### PROBLEM REQUIREMENTS
Every line in the data below from the one containing "Calentador de Acuario" down to the one containing "Mini Coos A", both included, must be retyped exactly; no other line is to appear.

==== EXTRACTED DATA ====

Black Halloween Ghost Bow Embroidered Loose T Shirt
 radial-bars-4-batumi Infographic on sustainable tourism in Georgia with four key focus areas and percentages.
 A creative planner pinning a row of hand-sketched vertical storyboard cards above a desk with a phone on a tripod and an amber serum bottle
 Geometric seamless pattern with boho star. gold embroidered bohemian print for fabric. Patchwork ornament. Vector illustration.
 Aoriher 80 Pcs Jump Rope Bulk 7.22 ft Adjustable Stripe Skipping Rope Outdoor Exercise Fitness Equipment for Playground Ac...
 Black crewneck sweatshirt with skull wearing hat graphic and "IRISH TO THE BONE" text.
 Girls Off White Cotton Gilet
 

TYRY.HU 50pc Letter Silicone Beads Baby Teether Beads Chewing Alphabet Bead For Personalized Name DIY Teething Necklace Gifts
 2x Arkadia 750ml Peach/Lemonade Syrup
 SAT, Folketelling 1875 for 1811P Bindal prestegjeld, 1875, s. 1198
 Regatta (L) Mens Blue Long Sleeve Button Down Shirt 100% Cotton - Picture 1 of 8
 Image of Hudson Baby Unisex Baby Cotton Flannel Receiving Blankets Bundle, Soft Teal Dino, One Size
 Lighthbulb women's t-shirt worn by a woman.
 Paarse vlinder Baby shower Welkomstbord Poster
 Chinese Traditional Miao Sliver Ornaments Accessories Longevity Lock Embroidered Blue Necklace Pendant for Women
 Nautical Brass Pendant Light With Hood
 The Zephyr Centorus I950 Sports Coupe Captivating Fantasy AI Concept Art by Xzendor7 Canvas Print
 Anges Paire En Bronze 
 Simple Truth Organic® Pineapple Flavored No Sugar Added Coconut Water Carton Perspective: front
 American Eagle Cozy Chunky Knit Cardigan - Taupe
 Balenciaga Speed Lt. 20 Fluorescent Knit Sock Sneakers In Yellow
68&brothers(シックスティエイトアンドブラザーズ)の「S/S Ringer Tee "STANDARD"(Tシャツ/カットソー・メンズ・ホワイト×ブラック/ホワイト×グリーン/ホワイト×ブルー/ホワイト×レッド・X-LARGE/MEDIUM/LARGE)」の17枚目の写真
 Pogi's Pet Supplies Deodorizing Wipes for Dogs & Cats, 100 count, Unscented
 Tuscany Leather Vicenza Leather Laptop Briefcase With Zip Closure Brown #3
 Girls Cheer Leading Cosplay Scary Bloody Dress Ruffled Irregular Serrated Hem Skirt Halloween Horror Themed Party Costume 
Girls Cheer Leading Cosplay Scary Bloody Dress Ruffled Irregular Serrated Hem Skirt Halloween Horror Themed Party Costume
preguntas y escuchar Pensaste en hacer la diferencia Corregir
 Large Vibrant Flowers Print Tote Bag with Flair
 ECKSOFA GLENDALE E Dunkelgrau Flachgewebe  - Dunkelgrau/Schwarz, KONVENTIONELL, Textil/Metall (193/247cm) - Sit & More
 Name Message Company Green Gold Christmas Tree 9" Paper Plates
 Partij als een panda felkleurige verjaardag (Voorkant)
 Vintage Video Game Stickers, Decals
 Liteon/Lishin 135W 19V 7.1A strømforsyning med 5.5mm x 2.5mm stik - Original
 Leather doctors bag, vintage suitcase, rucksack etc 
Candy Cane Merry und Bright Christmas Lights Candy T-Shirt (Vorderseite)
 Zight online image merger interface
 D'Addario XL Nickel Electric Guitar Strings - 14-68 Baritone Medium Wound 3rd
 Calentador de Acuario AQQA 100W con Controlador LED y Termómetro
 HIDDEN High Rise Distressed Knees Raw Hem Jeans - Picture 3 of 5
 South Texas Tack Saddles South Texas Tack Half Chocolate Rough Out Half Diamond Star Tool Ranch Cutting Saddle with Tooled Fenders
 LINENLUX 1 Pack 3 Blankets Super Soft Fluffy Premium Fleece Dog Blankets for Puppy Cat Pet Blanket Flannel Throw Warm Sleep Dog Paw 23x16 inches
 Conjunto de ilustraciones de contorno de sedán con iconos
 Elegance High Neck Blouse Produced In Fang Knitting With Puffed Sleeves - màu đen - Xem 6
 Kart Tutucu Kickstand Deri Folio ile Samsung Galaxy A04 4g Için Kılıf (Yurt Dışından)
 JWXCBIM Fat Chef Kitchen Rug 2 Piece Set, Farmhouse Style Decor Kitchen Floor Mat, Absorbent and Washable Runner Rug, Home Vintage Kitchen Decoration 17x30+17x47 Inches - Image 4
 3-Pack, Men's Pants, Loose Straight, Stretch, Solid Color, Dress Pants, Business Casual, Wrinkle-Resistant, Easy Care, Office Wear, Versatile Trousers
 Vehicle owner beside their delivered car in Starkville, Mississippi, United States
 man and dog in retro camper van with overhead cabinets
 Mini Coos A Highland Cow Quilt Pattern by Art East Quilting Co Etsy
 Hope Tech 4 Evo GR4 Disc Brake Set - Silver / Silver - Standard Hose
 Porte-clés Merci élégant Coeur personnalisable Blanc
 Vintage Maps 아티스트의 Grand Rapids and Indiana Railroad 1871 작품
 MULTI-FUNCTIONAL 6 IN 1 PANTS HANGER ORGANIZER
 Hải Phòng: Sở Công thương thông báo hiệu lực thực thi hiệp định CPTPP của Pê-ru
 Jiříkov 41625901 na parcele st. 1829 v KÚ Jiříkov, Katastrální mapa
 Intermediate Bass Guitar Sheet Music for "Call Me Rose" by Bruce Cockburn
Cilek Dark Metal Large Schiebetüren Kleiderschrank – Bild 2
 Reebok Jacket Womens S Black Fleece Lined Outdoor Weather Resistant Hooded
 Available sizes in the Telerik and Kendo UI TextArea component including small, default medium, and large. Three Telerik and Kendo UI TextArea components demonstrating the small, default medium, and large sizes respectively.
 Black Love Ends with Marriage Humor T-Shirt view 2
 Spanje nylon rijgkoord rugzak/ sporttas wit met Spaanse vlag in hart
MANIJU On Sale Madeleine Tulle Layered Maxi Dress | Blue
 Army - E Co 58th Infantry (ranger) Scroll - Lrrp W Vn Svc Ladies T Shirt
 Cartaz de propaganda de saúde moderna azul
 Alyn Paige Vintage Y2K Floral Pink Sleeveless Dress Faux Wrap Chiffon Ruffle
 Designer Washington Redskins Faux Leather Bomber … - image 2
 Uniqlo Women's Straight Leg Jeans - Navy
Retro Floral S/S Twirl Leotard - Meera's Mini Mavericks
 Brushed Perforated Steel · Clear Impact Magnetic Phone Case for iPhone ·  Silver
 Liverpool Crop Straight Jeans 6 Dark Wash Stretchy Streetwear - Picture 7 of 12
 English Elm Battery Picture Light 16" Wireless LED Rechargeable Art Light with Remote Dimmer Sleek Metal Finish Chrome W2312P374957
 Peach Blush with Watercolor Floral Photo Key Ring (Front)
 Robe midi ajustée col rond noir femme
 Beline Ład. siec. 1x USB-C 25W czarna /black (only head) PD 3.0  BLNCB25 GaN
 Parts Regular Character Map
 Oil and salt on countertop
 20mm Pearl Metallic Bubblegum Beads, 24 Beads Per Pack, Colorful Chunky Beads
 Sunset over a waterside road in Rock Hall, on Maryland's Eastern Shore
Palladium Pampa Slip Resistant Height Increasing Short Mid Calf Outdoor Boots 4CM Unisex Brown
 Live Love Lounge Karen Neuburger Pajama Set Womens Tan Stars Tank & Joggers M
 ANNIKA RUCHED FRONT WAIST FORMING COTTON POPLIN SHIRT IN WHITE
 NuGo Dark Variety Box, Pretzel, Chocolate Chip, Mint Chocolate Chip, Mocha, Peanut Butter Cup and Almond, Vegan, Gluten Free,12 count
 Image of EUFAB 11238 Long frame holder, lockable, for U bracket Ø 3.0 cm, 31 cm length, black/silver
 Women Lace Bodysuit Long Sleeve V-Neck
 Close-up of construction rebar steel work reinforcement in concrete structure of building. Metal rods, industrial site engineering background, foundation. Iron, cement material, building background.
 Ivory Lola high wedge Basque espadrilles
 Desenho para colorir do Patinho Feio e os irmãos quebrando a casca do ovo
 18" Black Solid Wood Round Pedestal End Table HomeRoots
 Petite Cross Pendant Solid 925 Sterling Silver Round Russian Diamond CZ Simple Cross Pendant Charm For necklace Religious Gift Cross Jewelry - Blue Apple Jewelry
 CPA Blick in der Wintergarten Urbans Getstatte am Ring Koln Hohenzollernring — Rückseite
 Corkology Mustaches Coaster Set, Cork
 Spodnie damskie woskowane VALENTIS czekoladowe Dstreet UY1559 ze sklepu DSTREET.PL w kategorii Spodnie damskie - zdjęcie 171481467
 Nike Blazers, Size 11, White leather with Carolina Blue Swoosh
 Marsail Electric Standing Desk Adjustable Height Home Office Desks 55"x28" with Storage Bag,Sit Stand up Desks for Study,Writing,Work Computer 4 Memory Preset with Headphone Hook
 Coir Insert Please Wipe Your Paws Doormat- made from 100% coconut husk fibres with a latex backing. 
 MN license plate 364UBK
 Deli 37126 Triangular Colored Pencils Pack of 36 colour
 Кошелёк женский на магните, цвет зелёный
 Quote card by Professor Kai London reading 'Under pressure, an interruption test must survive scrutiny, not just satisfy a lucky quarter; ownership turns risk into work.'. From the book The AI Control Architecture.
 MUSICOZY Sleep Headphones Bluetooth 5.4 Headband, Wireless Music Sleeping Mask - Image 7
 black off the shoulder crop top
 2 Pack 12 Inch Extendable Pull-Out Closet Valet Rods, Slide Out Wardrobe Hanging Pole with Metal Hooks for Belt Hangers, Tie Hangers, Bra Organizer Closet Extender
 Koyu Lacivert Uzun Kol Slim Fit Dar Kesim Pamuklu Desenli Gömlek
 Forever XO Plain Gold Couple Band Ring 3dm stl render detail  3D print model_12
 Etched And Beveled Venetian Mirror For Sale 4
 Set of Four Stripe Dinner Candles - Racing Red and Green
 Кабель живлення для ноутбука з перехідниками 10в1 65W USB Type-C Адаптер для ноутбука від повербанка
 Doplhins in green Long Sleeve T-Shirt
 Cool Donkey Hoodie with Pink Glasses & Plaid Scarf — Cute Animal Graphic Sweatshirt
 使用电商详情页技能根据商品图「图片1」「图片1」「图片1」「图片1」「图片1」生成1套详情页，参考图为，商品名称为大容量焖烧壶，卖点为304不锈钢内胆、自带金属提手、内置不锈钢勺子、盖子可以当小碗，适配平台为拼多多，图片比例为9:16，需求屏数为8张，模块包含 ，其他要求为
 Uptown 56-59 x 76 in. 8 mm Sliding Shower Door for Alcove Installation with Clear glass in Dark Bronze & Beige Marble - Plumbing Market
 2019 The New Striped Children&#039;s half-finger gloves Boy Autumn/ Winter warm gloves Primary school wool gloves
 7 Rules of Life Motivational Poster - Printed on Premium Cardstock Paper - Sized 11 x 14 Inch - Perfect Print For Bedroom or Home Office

====

### WRITTEN ANSWER
 Calentador de Acuario AQQA 100W con Controlador LED y Termómetro
 HIDDEN High Rise Distressed Knees Raw Hem Jeans - Picture 3 of 5
 South Texas Tack Saddles South Texas Tack Half Chocolate Rough Out Half Diamond Star Tool Ranch Cutting Saddle with Tooled Fenders
 LINENLUX 1 Pack 3 Blankets Super Soft Fluffy Premium Fleece Dog Blankets for Puppy Cat Pet Blanket Flannel Throw Warm Sleep Dog Paw 23x16 inches
 Conjunto de ilustraciones de contorno de sedán con iconos
 Elegance High Neck Blouse Produced In Fang Knitting With Puffed Sleeves - màu đen - Xem 6
 Kart Tutucu Kickstand Deri Folio ile Samsung Galaxy A04 4g Için Kılıf (Yurt Dışından)
 JWXCBIM Fat Chef Kitchen Rug 2 Piece Set, Farmhouse Style Decor Kitchen Floor Mat, Absorbent and Washable Runner Rug, Home Vintage Kitchen Decoration 17x30+17x47 Inches - Image 4
 3-Pack, Men's Pants, Loose Straight, Stretch, Solid Color, Dress Pants, Business Casual, Wrinkle-Resistant, Easy Care, Office Wear, Versatile Trousers
 Vehicle owner beside their delivered car in Starkville, Mississippi, United States
 man and dog in retro camper van with overhead cabinets
 Mini Coos A Highland Cow Quilt Pattern by Art East Quilting Co Etsy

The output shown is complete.